About this exercise: What you return must match the listing word for word.
START Available records
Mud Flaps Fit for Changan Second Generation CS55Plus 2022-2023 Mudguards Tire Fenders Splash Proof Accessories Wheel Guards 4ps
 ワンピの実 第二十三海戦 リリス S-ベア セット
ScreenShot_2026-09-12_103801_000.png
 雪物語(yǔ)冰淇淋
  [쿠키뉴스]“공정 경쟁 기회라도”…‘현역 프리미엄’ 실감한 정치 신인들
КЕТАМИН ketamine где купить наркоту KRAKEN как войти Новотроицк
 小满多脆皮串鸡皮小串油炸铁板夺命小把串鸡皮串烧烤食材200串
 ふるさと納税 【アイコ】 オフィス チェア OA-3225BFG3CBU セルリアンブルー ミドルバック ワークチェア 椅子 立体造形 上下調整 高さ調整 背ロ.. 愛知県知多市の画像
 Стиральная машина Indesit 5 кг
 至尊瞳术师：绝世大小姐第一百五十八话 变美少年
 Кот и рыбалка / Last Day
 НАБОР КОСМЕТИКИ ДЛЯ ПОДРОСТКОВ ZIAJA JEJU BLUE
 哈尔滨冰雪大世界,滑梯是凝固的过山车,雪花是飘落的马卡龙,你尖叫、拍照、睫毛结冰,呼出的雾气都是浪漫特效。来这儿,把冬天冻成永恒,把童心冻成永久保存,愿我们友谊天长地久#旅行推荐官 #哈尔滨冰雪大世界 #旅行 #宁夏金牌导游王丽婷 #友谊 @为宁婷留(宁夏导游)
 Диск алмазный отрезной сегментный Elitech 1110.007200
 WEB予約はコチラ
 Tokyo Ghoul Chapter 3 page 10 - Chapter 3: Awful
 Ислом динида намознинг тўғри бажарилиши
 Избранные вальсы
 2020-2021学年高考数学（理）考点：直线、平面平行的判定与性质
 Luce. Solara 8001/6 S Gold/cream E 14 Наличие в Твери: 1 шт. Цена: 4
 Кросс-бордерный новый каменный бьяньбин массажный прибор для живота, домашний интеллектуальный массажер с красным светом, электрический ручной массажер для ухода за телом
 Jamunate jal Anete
END Available records
Result:
Mud Flaps Fit for Changan Second Generation CS55Plus 2022-2023 Mudguards Tire Fenders Splash Proof Accessories Wheel Guards 4ps
 ワンピの実 第二十三海戦 リリス S-ベア セット
ScreenShot_2026-09-12_103801_000.png
 雪物語(yǔ)冰淇淋
  [쿠키뉴스]“공정 경쟁 기회라도”…‘현역 프리미엄’ 실감한 정치 신인들
КЕТАМИН ketamine где купить наркоту KRAKEN как войти Новотроицк
 小满多脆皮串鸡皮小串油炸铁板夺命小把串鸡皮串烧烤食材200串
 ふるさと納税 【アイコ】 オフィス チェア OA-3225BFG3CBU セルリアンブルー ミドルバック ワークチェア 椅子 立体造形 上下調整 高さ調整 背ロ.. 愛知県知多市の画像
 Стиральная машина Indesit 5 кг
 至尊瞳术师：绝世大小姐第一百五十八话 变美少年
 Кот и рыбалка / Last Day
 НАБОР КОСМЕТИКИ ДЛЯ ПОДРОСТКОВ ZIAJA JEJU BLUE
 哈尔滨冰雪大世界,滑梯是凝固的过山车,雪花是飘落的马卡龙,你尖叫、拍照、睫毛结冰,呼出的雾气都是浪漫特效。来这儿,把冬天冻成永恒,把童心冻成永久保存,愿我们友谊天长地久#旅行推荐官 #哈尔滨冰雪大世界 #旅行 #宁夏金牌导游王丽婷 #友谊 @为宁婷留(宁夏导游)
 Диск алмазный отрезной сегментный Elitech 1110.007200
 WEB予約はコチラ
 Tokyo Ghoul Chapter 3 page 10 - Chapter 3: Awful
 Ислом динида намознинг тўғри бажарилиши
 Избранные вальсы
 2020-2021学年高考数学（理）考点：直线、平面平行的判定与性质
 Luce. Solara 8001/6 S Gold/cream E 14 Наличие в Твери: 1 шт. Цена: 4
 Кросс-бордерный новый каменный бьяньбин массажный прибор для живота, домашний интеллектуальный массажер с красным светом, электрический ручной массажер для ухода за телом
 Jamunate jal Anete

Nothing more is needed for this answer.